Monday 9 November 2009

An Englishman's Home: A visit to Bodiam Castle.


Moated Manor House or True Castle?

A visit to Bodiam castle is undoubtedly a requirement for all those who want to get as near as they can to the touch and feel of a pivotal time in English history – the late 14th century. When Edward Dalyngrigge built the castle in 1385 (needless to say it was his social inferiors that actually built it) the English aristocracy was in the middle of the hundred years war with their French counterparts over the disputed French crown. Thus, as far as aristocracy was concerned the late 14th was business as usual; fighting over land inheritance and making sure serfs did their part in their Lord’s battles and in the tilling of his land. Dalyngrigge returned from France rich with the spoils of war and further enhanced his social position by marrying into wealth. He got too big for his manor house (and probably for his boots as well) and applied to the King for a license to crenellate his relatively pokey manor house; as the license says:

“…he [Dalyngrigge] may strengthen with a wall of stone and lime and crenellate and may construct and make into a castle his manor house of Bodyham…”

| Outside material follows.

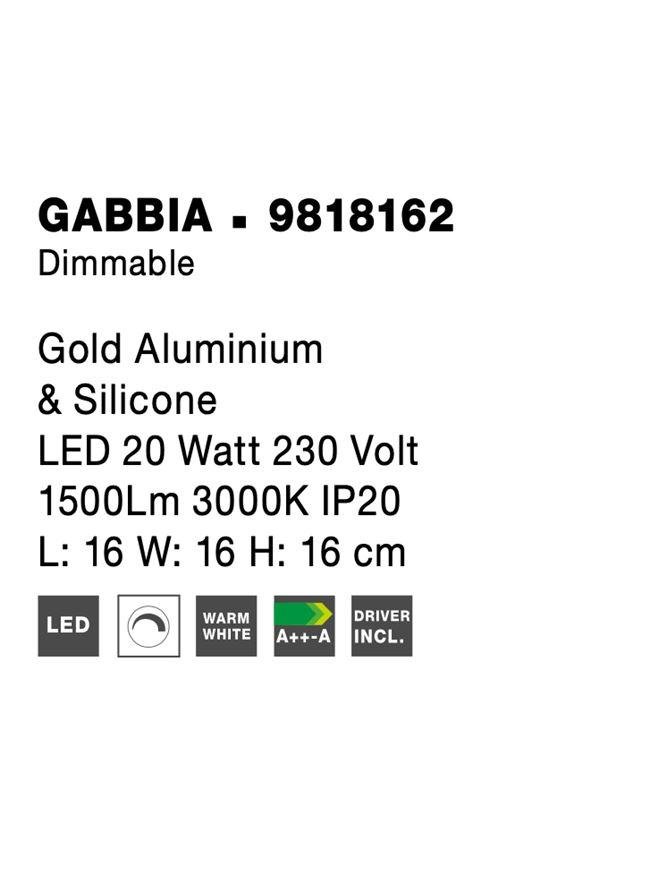 NV 9818162 Stolní lampa GABBIA zlatý hliník a silikon LED 20W 230V 3000K IP20 stmívatelné - NOVA LUCE (obrázek 10)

Somehow the ambitious Darlyngrigge managed wangle it so that the Kings permission became a license to build an entirely new castle, which he did further down the valley.

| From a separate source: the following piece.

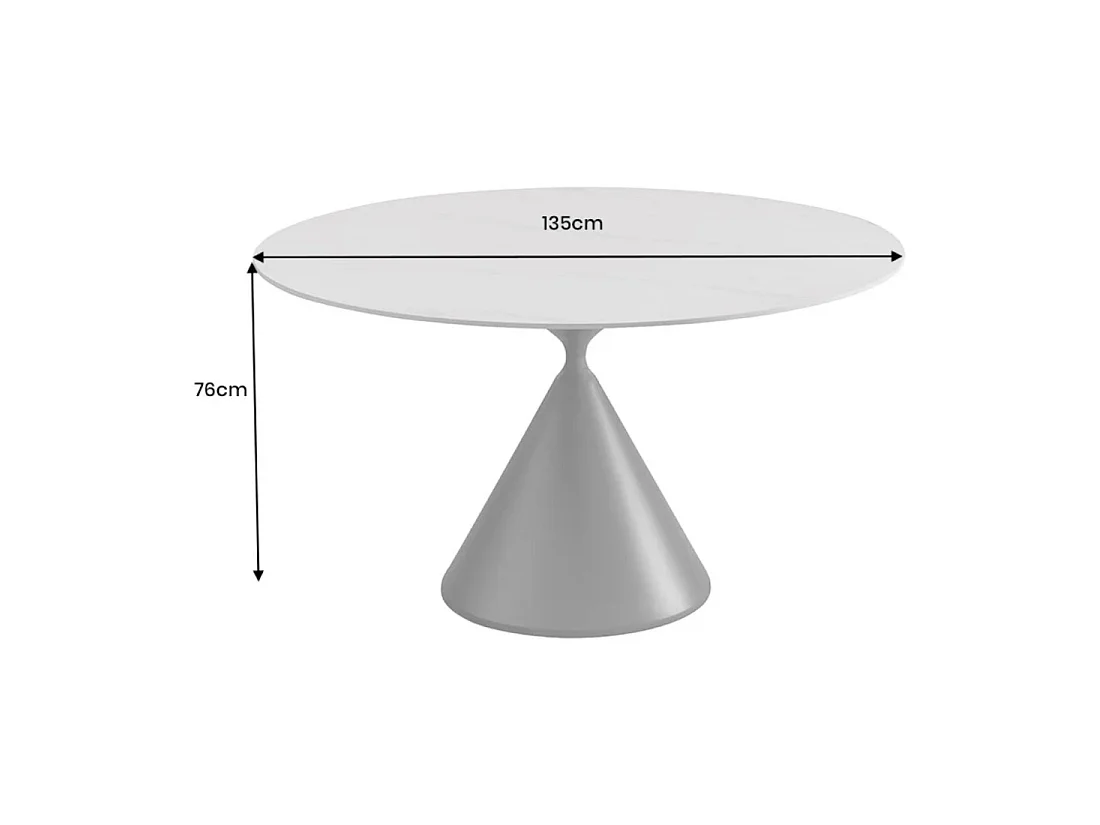 Eettafel VOLTIS - Rond diameter 135 cm - Keramisch blad met wit marmer effect - Metalen poten - Chique stijl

But times were changing. The Black Death in the mid fourteenth century had begun to make it a suppliers market for serf labour and this eventually led to the rise of a middle class of yeoman farmers who started to work in the service of profit rather than the service of noble masters. The peasant’s revolt of 1383 used startlingly modern slogans about the equality of man, and was among the first signs that feudalism was on the wane. But obviously Darlyngrigge, who played his part in the suppression of the revolt, didn’t think so. It is likely that in his mind his new castle was as much a deterrent to an upstart peasantry (or a rising middle class of yeomen) as it was to the French aristocracy.
The best ideas in defense

Bodiam castle is a monument to the fag end of the mediaeval period. There have been remarks to the effect that in the building of the castle Darlyngrigge’s taste for style, statement and comfort compromised its strength; the last of the castles and the first of the stately homes. The castle, situated in its wide moat, certainly conveys a sense of both romance and strength. Its structure incorporated all the best ideas in defense, but it is clear that Darlygrigge wanted to show it off to full effect and visitors coming from the east were taken on a circuitous “best views” sight-seeing tour round the castle before entry could be made. If an appearance of strength acts as a deterrent then Darlygrigge’s eye for theatre could be construed as a psychological defensive measure in itself.

Darlyngrigge, however, really had little time to enjoy that status symbol and fashion statement that was his castle – he died a few years after its completion leaving the legacy of an iconic building for future generations to savor the fancied air of chivalrous nostalgia and mystery. Dalygrigge is a fine example of that well known historical phenomenon whereby those in changing times seem to have no inkling whatever of the direction of historical drift or even that their times are fundamentally changing. From our modern perspective, with as much detachment as we survey his castle, we can survey the sweep of history that swept past Dalyngrigge leaving his castle a romantic and nostalgic ruin. But like many a high flier before and after him Dalyngrigge was a man jealous of his dignity, pride and status, which in turn meant that his emotions, motives and values were very much bound up with the cultural expressions of his day. In spite of his opinion of himself Dalyngrigge, to us, seems an unconscious play thing of history; a man who, in the final analysis, didn’t make history but who was in the rearguard of a culture that history was sweeping away.

And yet in spite of changing times the castle at Bodiam remained a home for aristocrats for more than 200 years – a period of time which measured backwards from our day takes us right back to the first stages of the industrial revolution, and which suggests that times in renaissance England were in, one sense at least, relatively settled. But is history ever settled? I fancy I see cusps of change and turning points everywhere in history, and so I wonder if history ever passes through settled times, times when it is just more of the same. Whatever the answer to that question, it is clear, however, that Dalyngrigge was so taken up with the ephemeral values and ambitions of his times as to be unaware of the greater context that ultimately passes final judgment on his (and our) doings. But far greater dignity and honour comes to those for whom immediate status and position is something they are not enslaved to.

5Your attitude should be the same as that of Christ Jesus: 6Who, being in very nature[a] God, did not consider equality with God something to be grasped, 7but made himself nothing, taking the very nature[b] of a servant, being made in human likeness. 8And being found in appearance as a man, he humbled himself and became obedient to death— even death on a cross! 9Therefore God exalted him to the highest place and gave him the name that is above every name, 10that at the name of Jesus every knee should bow, in heaven and on earth and under the earth, 11and every tongue confess that Jesus Christ is Lord, to the glory of God the Father. (Philippians 2:5-11)

We think of the medieval world as imbued through and through with Christian religious values – and so it was. And yet the kernel of the Christian message, a message expressed in terms of servant hood, humility, sacrifice and grace was difficult to spot.